Sur l’ONU : s’engager à défendre le siège permanent et le droit de veto de la France au conseil de sécurité.
Sur les sanctions contre divers pays (et non pas seulement contre les blocus unilatéraux) : demander la levée de toutes les sanctions internationales auxquelles la France participe au titre qu'elles frappent aveuglément les peuples, et qu'elle sont utilisées contre les personnalités comme une arme d'intimidation pour obliger les gouvernants à s'aligner sur les exigences de l'Occident [ici, on ne se mouille pas].

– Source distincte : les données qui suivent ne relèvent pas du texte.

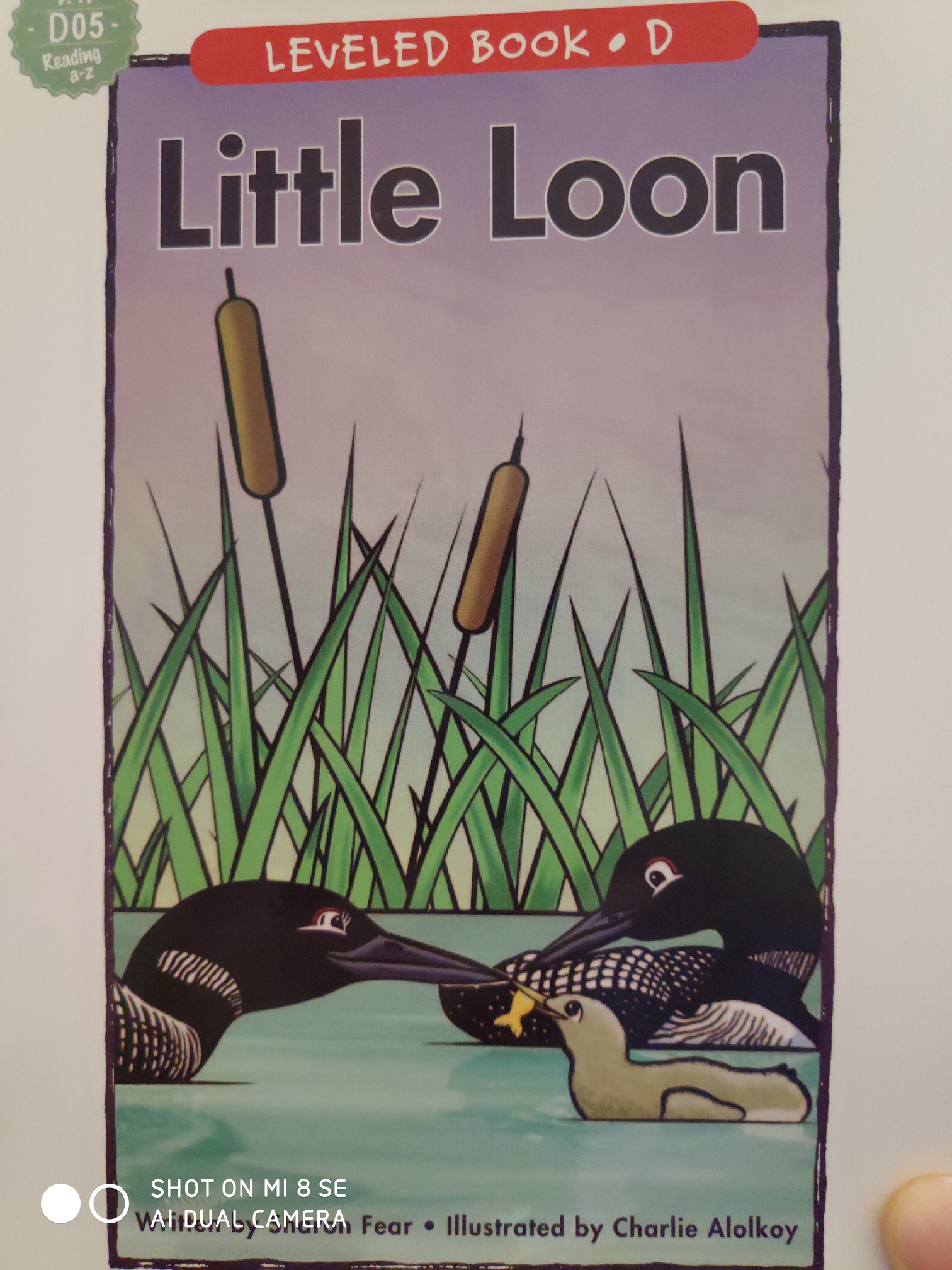 little loon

En matière économique la petite musique protectionniste, j’aimerais l’entendre de manière plus insistante [ça, il le fait]. Proposer un plan économique de rapatriement de la production industrielle en France, par exemple. L’écologisme et le « bio » à cet égard peut être un prétexte avouable notamment dans le secteur agricole, Mélenchon proposait en 2017 de créer 400 000 emplois agricoles sous ce titre, et sur ce point, il avait raison.